Ayer, con otros padres, comentábamos la pena que nos daba
olvidar tantas cosas de nuestros hijos pequeños, sabiendo como sabíamos que lo
olvidaríamos casi todo (por muchas fotos que tomáramos). Yo también sé que el
destino de los niños es desconocer a sus padres. Los niños son incapaces (como
lo hemos sido nosotros cuando éramos pequeños) de imaginarnos, no ya
como a hombres y mujeres jóvenes, sino antes de su aparición en
el mundo. Solo cuando son mayores, y si los padres tienen cosas interesantes
que mostrarles, podrían rellenar un poco ese hueco. Si es que quieren, que no
tienen por qué.
Así que se trata de una relación extraña desde el punto de
vista de la memoria. Nosotros no recordaremos más que estampas, momentos fijos
que podremos evocar, pero acabaremos por olvidar ese sentimiento de tener un niño en continua transformación,
siempre convirtiéndose en algo diferente y, ellos, por su parte, ni siquiera
nos considerarán más allá de nuestro papel de padres.

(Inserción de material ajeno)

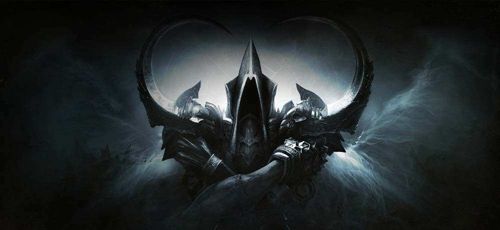 暗黑破坏神手游公益服发布网 暗黑破坏神手游公益服下载最新发布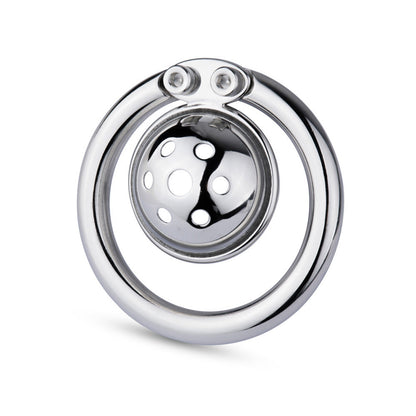 Cute Chastity Cage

Si reflexiono sobre ello, si lo pienso durante un momento y
no me quedo en la capa más superficial del asunto (la tristeza que provocan todos
esos momentos que no seremos capaces de recordar), creo que así es como debe
ser.
Si se coloca una piedra enorme en un río que no logre
desviar su curso, el río la rodea y quinientos metros más adelante el río no
recuerda haberla rodeado. De nosotros a ellos, de ellos a sus hijos, si los
tienen. Ninguno de nosotros es más importante que ese río, esa marea.